• _Information supplied_
════
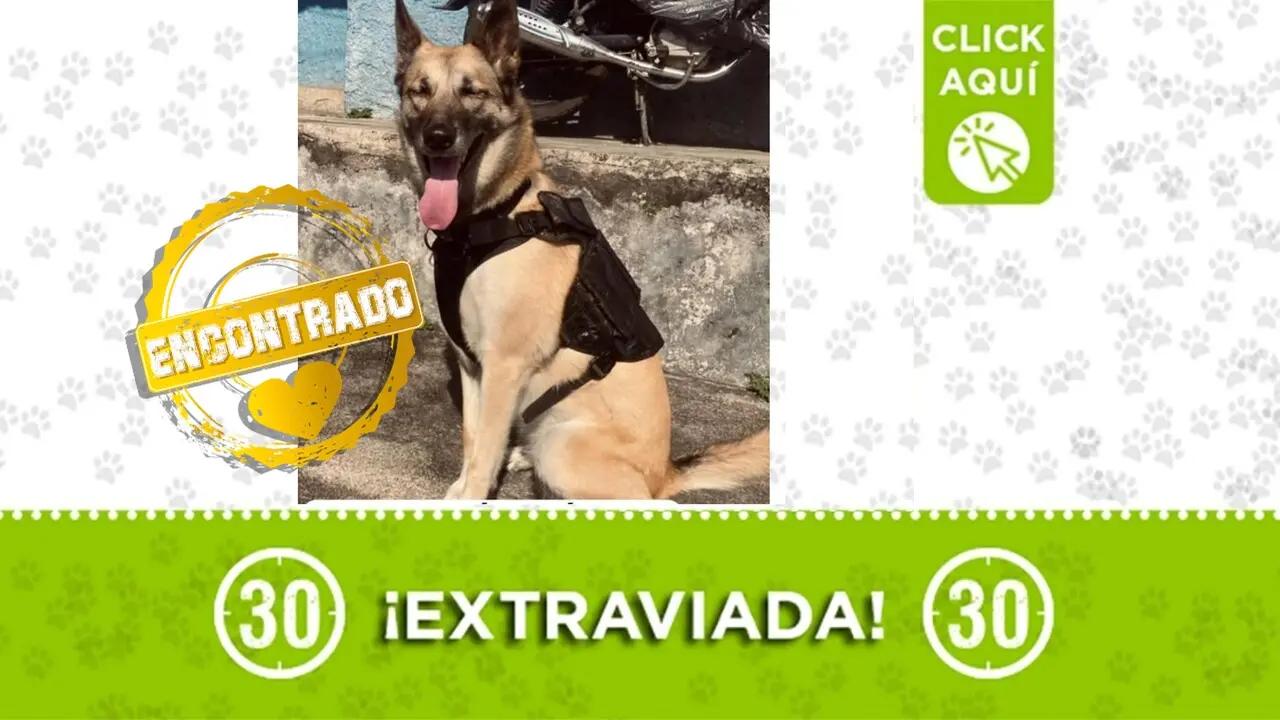¡Eso fue rapidito! Blondi ya está de regreso en su hogar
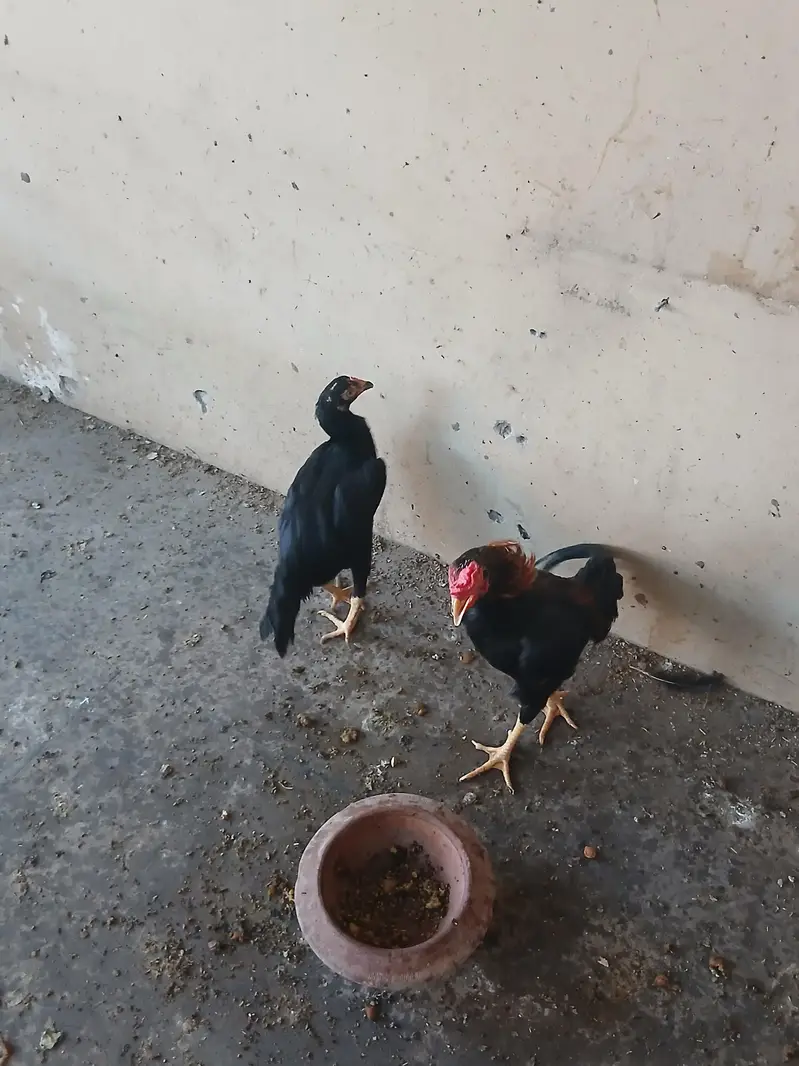 eggs da raha — photo 3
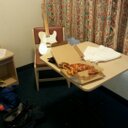 Jamie Timm - @TimmyJame - Twitter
════
• _What you have to do_
Reproduce exactly the lines above from the one with "eggs da raha — photo 3" through the last line of the data, keeping both ends and dropping the pictures.

• _Result_
 eggs da raha — photo 3
 Jamie Timm - @TimmyJame - Twitter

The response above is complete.